Interpretation of Warnings and Output:

The warning indicates that “Accuracy” was not found, so ROC (a measure of how well the model distinguishes between classes) was used as the performance metric instead.
The process includes cross-validation, which is denoted by “+ Fold1: k=5” and similar lines, indicating that the model was trained and evaluated with different ‘k’ values (5, 7, 9) on different subsets of the data (folds).
The model was finally fitted with k = 9 on the full training set based on the selection criteria, which could be the highest ROC value observed during cross-validation.

Confusion Matrix:

The confusion matrix for k = 9 shows that there were 16884 true negatives and 11 false positives. However, there were 76 false negatives and only 9 true positives, suggesting that while the model is quite good at identifying genuine transactions (high true negatives), it struggles with identifying fraudulent transactions (low true positives and higher false negatives).

Data Frame Results:

Each row in the resulting data frame corresponds to a different ‘k’ value used during the training.
ROC is the average ROC score from cross-validation.
Sens and Spec are the sensitivity (true positive rate) and specificity (true negative rate), respectively.
ROCSD, SensSD, and SpecSD are the standard deviations of the ROC, sensitivity, and specificity scores across the cross-validation folds.

Summary:

The KNN model with k = 9 seems to have the highest ROC value of approximately 0.851, but its sensitivity is quite low, indicated by the number of false negatives.
The sensitivity decreases as ‘k’ increases, which suggests that the model becomes more conservative with a larger ‘k’. The model with k = 9 is, therefore, less likely to predict fraud, perhaps due to the imbalanced nature of the dataset where non-fraudulent cases are much more common than fraudulent ones.
The low sensitivity (true positive rate) could be a significant issue in fraud detection because it means the model is missing a lot of fraudulent transactions. This is something you would need to address, possibly by using different features, resampling techniques to balance the classes, or a different threshold for classifying an observation as fraud.

Compare models

model_list <- list(
  rpart = rpart_model,
  rf = rf_model,
  knn = knn_model
)
resamps <- resamples(model_list)
summary(resamps)

## 
## Call:
## summary.resamples(object = resamps)
## 
## Models: rpart, rf, knn 
## Number of resamples: 2 
## 
## ROC 
##            Min.   1st Qu.    Median      Mean   3rd Qu.      Max. NA's
## rpart 0.8623982 0.8639564 0.8655146 0.8655146 0.8670728 0.8686309    0
## rf    0.9383175 0.9384771 0.9386366 0.9386366 0.9387962 0.9389557    0
## knn   0.8612953 0.8635074 0.8657195 0.8657195 0.8679317 0.8701438    0
## 
## Sens 
##            Min.   1st Qu.    Median      Mean   3rd Qu.      Max. NA's
## rpart 0.9992601 0.9992823 0.9993045 0.9993045 0.9993267 0.9993489    0
## rf    0.9982242 0.9982982 0.9983722 0.9983722 0.9984462 0.9985201    0
## knn   0.9987569 0.9988383 0.9989197 0.9989197 0.9990011 0.9990825    0
## 
## Spec 
##            Min.   1st Qu.    Median      Mean   3rd Qu.      Max. NA's
## rpart 0.3641618 0.4017341 0.4393064 0.4393064 0.4768786 0.5144509    0
## rf    0.4797688 0.5014451 0.5231214 0.5231214 0.5447977 0.5664740    0
## knn   0.1965318 0.1979769 0.1994220 0.1994220 0.2008671 0.2023121    0

dotplot(resamps, metric = "Sens")

dotplot(resamps, metric = "Spec")

ROC (Receiver Operating Characteristic):

Random Forest has the highest ROC across all statistics, consistently scoring above 0.94. This indicates a superior ability to distinguish between fraudulent and non-fraudulent transactions with a low rate of false positives and false negatives.
Decision Tree (rpart) shows variability in ROC, with scores ranging from about 0.82 to 0.95. While the upper end is promising, the lower end suggests some inconsistency.
K-Nearest Neighbors (knn) has the lowest ROC scores, which implies it is less capable of correctly distinguishing between the two classes compared to the other models.

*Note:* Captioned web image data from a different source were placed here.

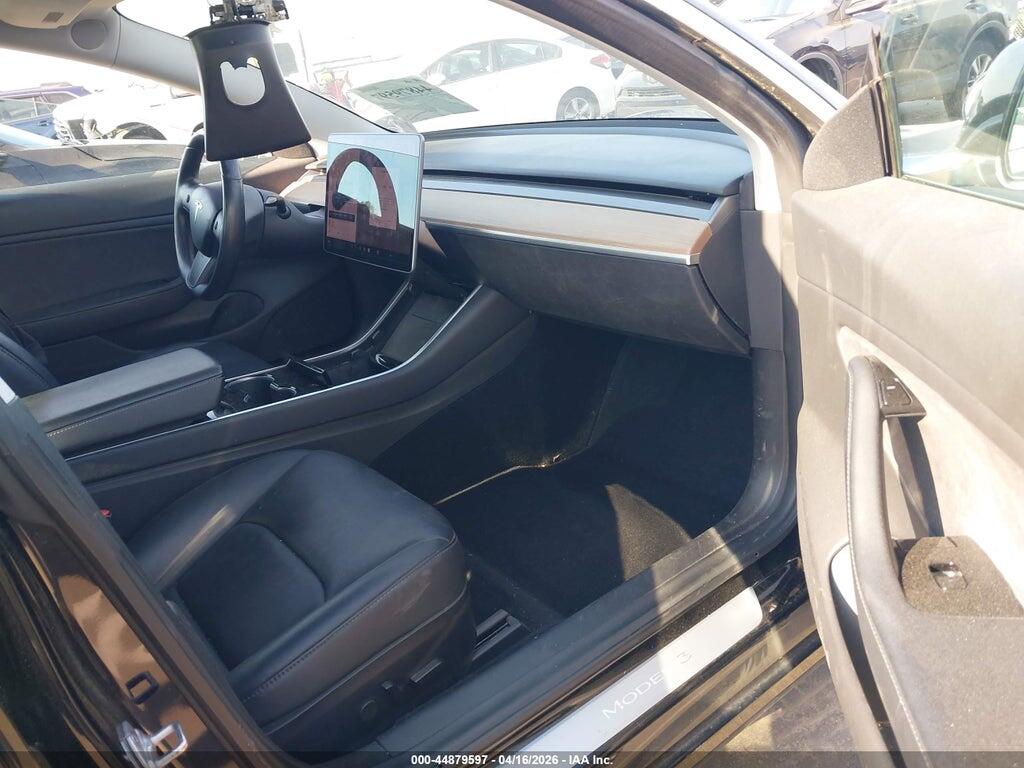 5YJ3E1EB5JF178410 2018 TESLA MODEL 3 photo no. 5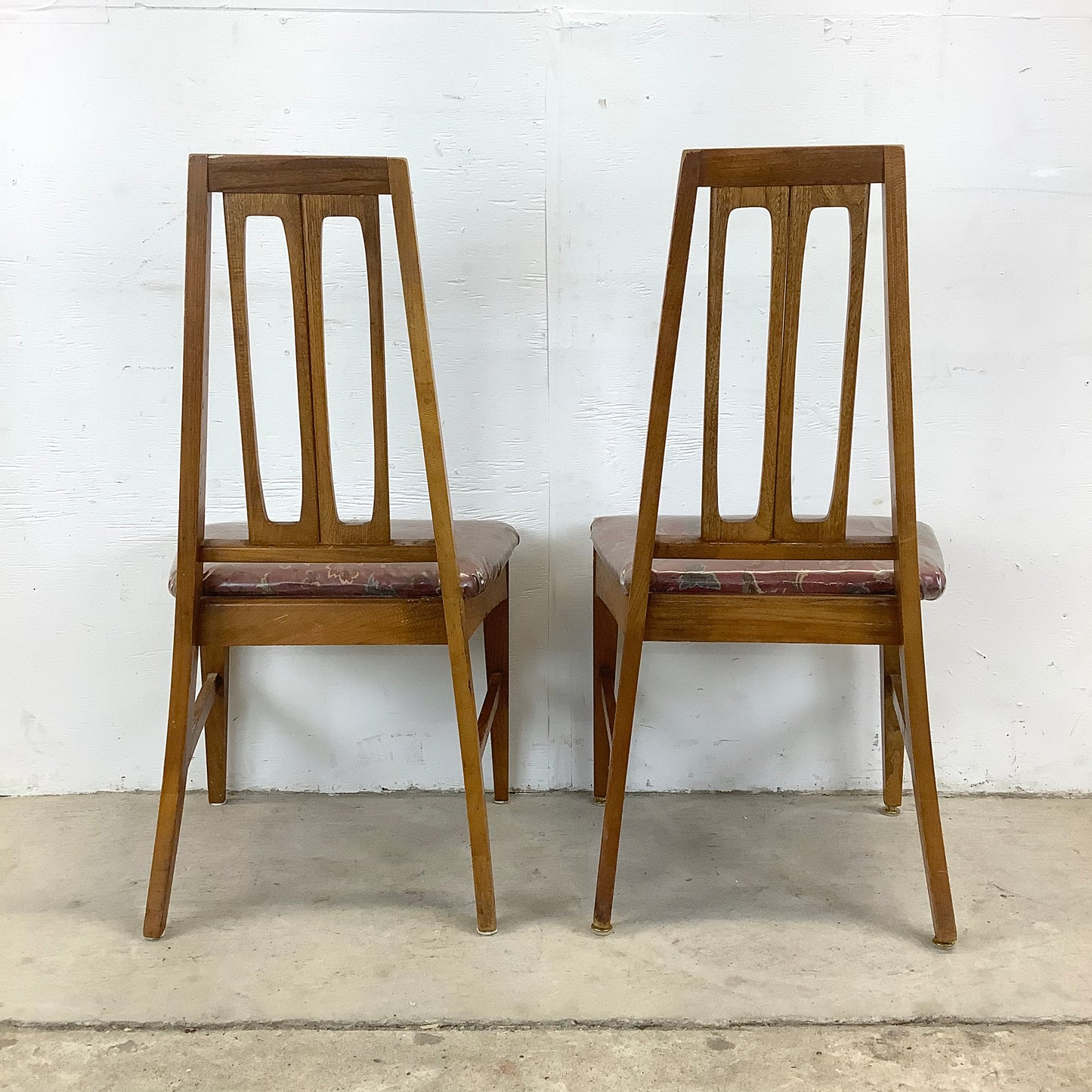 Young Manufacturing attributed Walnut Dining Chairs — A Set of Six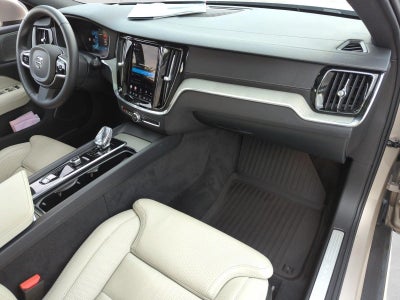 2024 Volvo V60 Cross Country B5 AWD Ultimate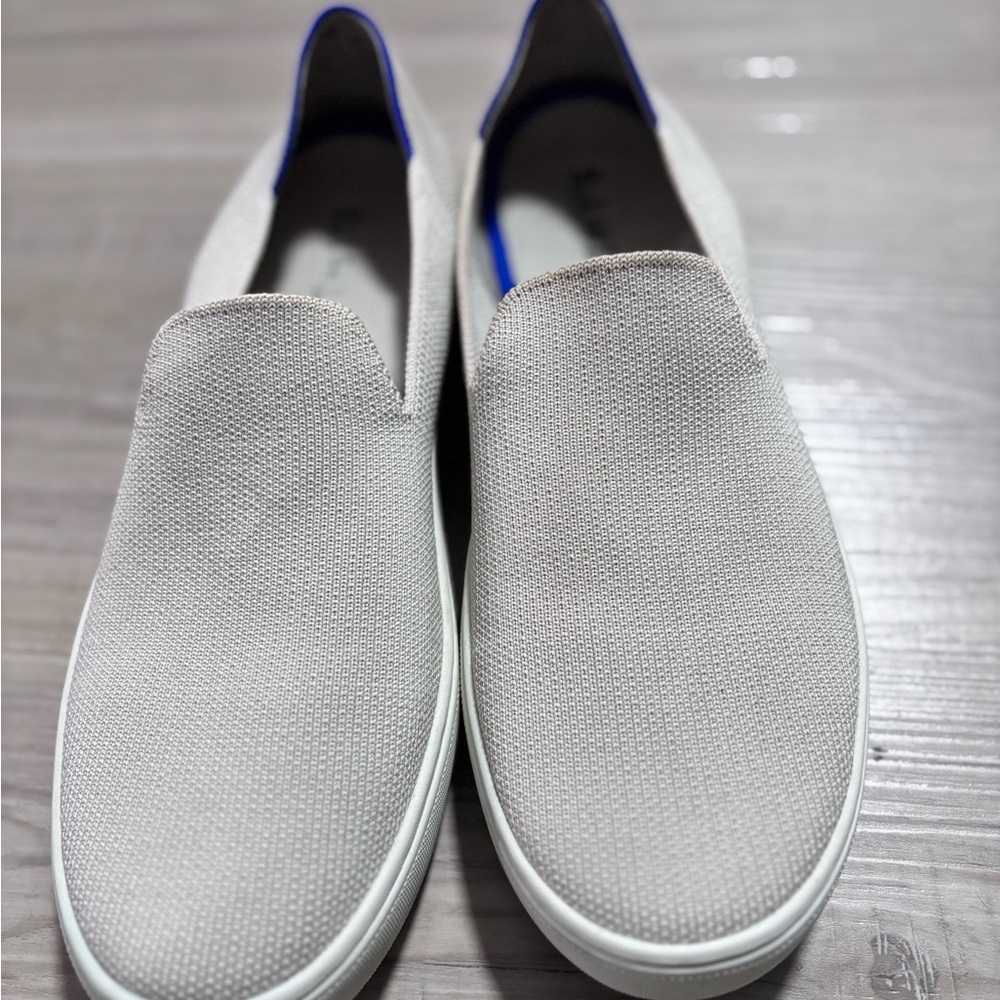 Women's Slip-On Canvas Sneakers - Light Gray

Sensitivity (True Positive Rate):

All models exhibit high sensitivity, with Random Forest marginally outperforming the others. Sensitivity is nearly perfect for all models, suggesting that they are all adept at identifying actual frauds.

Specificity (True Negative Rate):

There is a more pronounced difference in specificity. Random Forest again has the highest specificity, indicating it is best at correctly identifying legitimate transactions.
Decision Tree has moderate specificity, which is acceptable but still means more legitimate transactions may be incorrectly flagged as fraud compared to the Random Forest model.
K-Nearest Neighbors has very low specificity. This means it is likely to generate many false positives, flagging legitimate transactions as fraudulent, which could lead to increased operational costs and customer dissatisfaction.

Best Model Selection:

The Random Forest model is chosen as the best model based on its superior performance across all key metrics – ROC, Sensitivity, and Specificity.

The model that offers a balance between catching frauds (high sensitivity) and not disturbing genuine transactions (high specificity). The Random Forest model provides this balance better than the other models tested.
The implications of implementing the Random Forest model in a live system, such as reduced manual review workload due to fewer false positives and enhanced customer trust due to accurately flagged transactions.
The Random Forest model’s robustness to different types of data and its ability to handle a large number of input variables make it a versatile and reliable choice for fraud detection.

6. Data Product

Credit card fraud detection using machine learning, hosted on Streamlit, offers an interactive and user-friendly platform for identifying and preventing fraudulent credit card transactions. This tool leverages advanced machine learning algorithms to analyze transaction data in real-time, pinpointing patterns that indicate fraud. Hosted on Streamlit, it provides an intuitive web interface where users can interact with the model.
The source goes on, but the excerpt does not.